Meninas invisíveis

20/08/2014 06:12

Matéria publicada em 05 de abril de 2012

 

                                    STJ diz que não institucionalizou a prostituição infantil*                                                     

   

Maria do Rosário Nunes, 

ex-Ministra de Estado 

da Secretaria de Direitos Humanos (SDH).
 

2009 – O caso das crianças de MS chocou por sua brutalidade e perversidade. 

Deveria servir para o país olhar para o tema da prostituição infantil.

 

            Um enredo em dois atos e muitas omissões. Recentemente, o Brasil se indignou diante da TV, no horário nobre de uma noite de domingo, com uma mãe que, no interior do Pará, oferecia a filha a um repórter em troca de três latas de cerveja.O "show da vida" ali não tratava de uma ficção, mas de um flagrante da dura realidade vivida por milhares de meninas invisíveis que são exploradas sexualmente no breu de ruas, becos, botecos e esquinas do país.


            Na última semana, no conforto de suas salas climatizadas, o Superior Tribunal de Justiça (STJ) manteve a decisão do Tribunal de Justiça do Mato Grosso do Sul (TJ-MS), que havia absolvido dois réus acusados de exploração sexual de menores por entender que cliente ou usuário eventual de serviço oferecido por prostituta não se enquadra no crime previsto no artigo 244-A do Estatuto da Criança e do Adolescente.

 

            Aqui cabe uma pausa; vamos aos autos, senhores magistrados, digo, leitores. Uma das menores violentadas -que chamaremos de Virgínia- não nasceu nas ruas. Sua mãe ofereceu Virgínia ao amante, numa discutível prova de amor. Seviciada e humilhada, Virgínia fugiu de casa e, nas ruas, encontrou uma amiga, também menor, filha de uma trocadora de ônibus, que se iniciara na prostituição em troca de um vidro de xampu.


            A decisão do STJ, em si, já é absurda. A possibilidade de criar uma jurisprudência do "liberou geral" é, então, ultrajante. Ela viola os direitos humanos e avilta o espírito da própria lei.

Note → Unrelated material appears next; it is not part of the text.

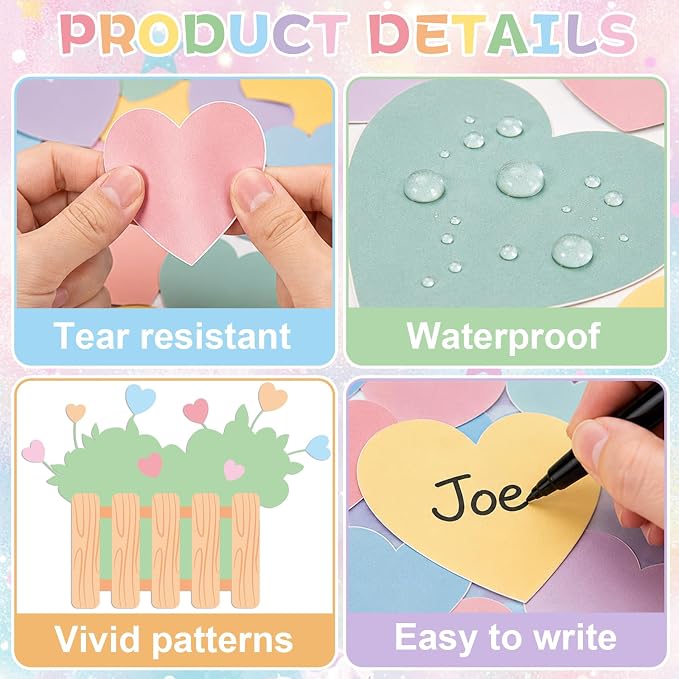 85pcs Pastel Classroom Tree Bulletin Board Heart DIY Photo Name Tags Crafts Cutouts Back to School Rainbow Accents You Belong Here Welcome Classroom Decor for Nursery Elementary Chalkboard Wall Decor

            Afinal, os legisladores que criaram o Estatuto da Criança e do Adolescente não foram permissivos e deixaram claro que não há nenhuma distinção de classes sociais, muito menos atenuantes no caso de a violência sexual ser praticada contra crianças que já tenham sido violentadas anteriormente. Em nenhum lugar da lei está escrito que a ausência da virgindade pode se transformar numa atenuante para os que cometem os odiosos crimes sexuais.

 

              Voltando aos autos. Dois homens em um ponto de ônibus assediam e contratam Virgínia e a outra menor para um programa mediante o pagamento de 80 reais para cada uma. No motel, além de fazer sexo, espancam as garotas e as fotografam desnudas em poses pornográficas.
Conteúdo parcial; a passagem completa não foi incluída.